La Presse Anarchiste

Défendons le ciméma

La J.O.C. (Jeu­nesse Ouvrière Chré­tienne) appose sur les murs des papillons com­por­tant le texte sui­vant : « Un per­nod de temps à autre, à la rigueur, d’ac­cord ; un film empoi­son­né, jamais. » Et de citer « Le Puri­tain » et « Pépé le Moko ».

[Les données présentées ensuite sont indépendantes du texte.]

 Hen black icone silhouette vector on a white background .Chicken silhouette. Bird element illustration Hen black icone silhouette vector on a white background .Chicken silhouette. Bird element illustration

Est-ce que ces mora­listes de pres­by­tère vont conti­nuer long­temps à emmer­der le monde avec leur puri­ta­nisme ? Il est pos­sible que les diri­geants de la J.O.C. craignent que quelques images réa­listes ne viennent réveiller les sens endor­mis ou refou­lés de leurs jeunes mili­tants, et qu’ils perdent ain­si tout le béné­fice des mor­ti­fi­ca­tions et des messes domi­ni­cales. En fait, ces deux films, s’ils ne sont pas des chefs-d’œuvre, comptent mal­gré tout par­mi ceux très hono­rables de la pro­duc­tion fran­çaise et méritent d’être défen­dus par tous les esprits férus de liberté.

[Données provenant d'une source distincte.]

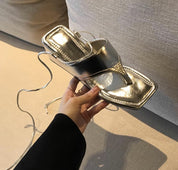 シルバーレースアップトングサンダル - select store mirror meシルバーレースアップトングサンダル206544438mirror meselect store mirror me20654443822.5cm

Rien de por­no­gra­phique ni de mau­vais goût n’en­tache ces films. La calotte, bas les pattes devant eux !

Et comme en pro­vince l’on a déjà ten­té de boy­cot­ter des films dénon­cés par la paroisse locale, nous invi­tons nos lec­teurs qui se trou­ve­raient dans des salles où des mani­fes­ta­tions du même ordre se pro­dui­raient, de pas­ser à l’ac­tion directe contre ces évan­gé­listes du ciné­ma, pour leur faire sen­tir comme il convient que le peuple n’est pas mûr pour l’obs­cu­ran­tisme des Jésuites.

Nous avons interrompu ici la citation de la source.